The data:
────────────────────

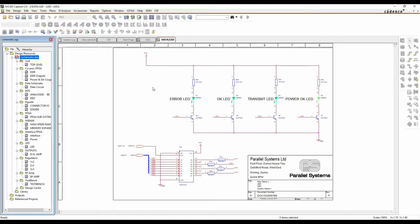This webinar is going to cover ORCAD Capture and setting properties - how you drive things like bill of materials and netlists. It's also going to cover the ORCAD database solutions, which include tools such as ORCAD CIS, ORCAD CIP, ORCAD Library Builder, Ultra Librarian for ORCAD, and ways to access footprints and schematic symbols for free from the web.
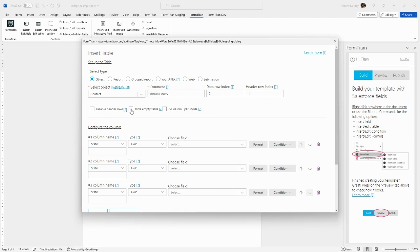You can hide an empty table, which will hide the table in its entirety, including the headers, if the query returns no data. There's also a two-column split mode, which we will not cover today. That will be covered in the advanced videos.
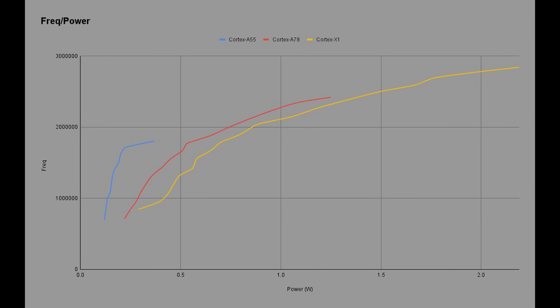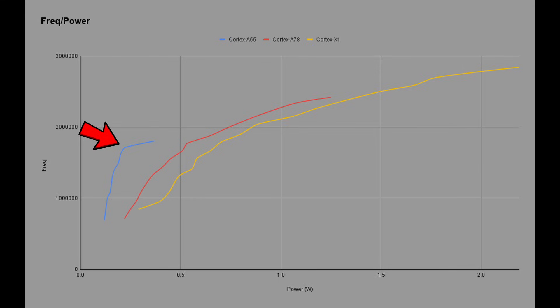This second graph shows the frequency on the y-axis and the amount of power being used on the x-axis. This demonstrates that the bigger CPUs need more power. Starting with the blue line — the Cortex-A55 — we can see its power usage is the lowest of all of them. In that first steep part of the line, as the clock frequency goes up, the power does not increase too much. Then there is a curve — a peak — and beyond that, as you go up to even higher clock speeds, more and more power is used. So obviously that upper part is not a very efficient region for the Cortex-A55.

────────────────────

Exercise prompt: Every line above has to be output exactly; the pictures must be dropped.

Your solution:
This webinar is going to cover ORCAD Capture and setting properties - how you drive things like bill of materials and netlists. It's also going to cover the ORCAD database solutions, which include tools such as ORCAD CIS, ORCAD CIP, ORCAD Library Builder, Ultra Librarian for ORCAD, and ways to access footprints and schematic symbols for free from the web.
You can hide an empty table, which will hide the table in its entirety, including the headers, if the query returns no data. There's also a two-column split mode, which we will not cover today. That will be covered in the advanced videos.
This second graph shows the frequency on the y-axis and the amount of power being used on the x-axis. This demonstrates that the bigger CPUs need more power. Starting with the blue line — the Cortex-A55 — we can see its power usage is the lowest of all of them. In that first steep part of the line, as the clock frequency goes up, the power does not increase too much. Then there is a curve — a peak — and beyond that, as you go up to even higher clock speeds, more and more power is used. So obviously that upper part is not a very efficient region for the Cortex-A55.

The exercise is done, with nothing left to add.